ZURICH (Reuters) - Special measures to protect Swiss wages and working conditions remain a red line in the country’s negotiations for a new relationship with the European Union, Swiss foreign minister Ignazio Cassis said on Friday.
Earlier this week, Cassis signaled that Switzerland was prepared to take a flexible approach to labor market rules in its talks with the EU, indicating movement on a potential stumbling block for any deal.
But on Friday he stressed how important keeping these rules was for Switzerland.
“The flanking measures for the free movement of persons are still disputed, for us (they are) simply a red line,” Cassis told an event in Bern on Friday.

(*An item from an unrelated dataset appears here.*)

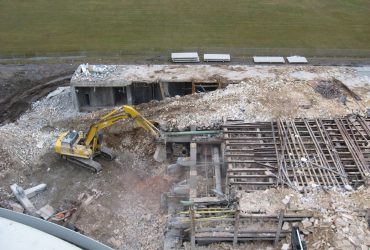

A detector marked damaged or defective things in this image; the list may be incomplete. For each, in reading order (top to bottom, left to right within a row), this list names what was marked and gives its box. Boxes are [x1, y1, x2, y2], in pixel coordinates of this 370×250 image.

broken concrete block [36, 204, 55, 220]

Switzerland in 2004 introduced “flanking measures” to protect Swiss wages and working conditions, two years after a deal to let EU citizens live and work in the country came into effect. Such free movement is a prerequisite for Swiss access to the EU single market.
Britain’s exit from the European Union also made concessions difficult, he said.
“The EU could move here, but at the negotiating table the EU diplomats hear ‘Switzerland’ and immediately think of ‘UK’. Every concession to Switzerland suddenly creates a precedent for Brexit,” Cassis added.
Switzerland and the EU aim to hammer out an accord on a treaty this year, with negotiations heating up before the summer break.
If the current negotiations do not succeed, both sides will have to look for a solution after the Swiss and EU elections, which are due to take place next year, Cassis said.
“In the meantime we would have to negotiate a kind of truce,” he said.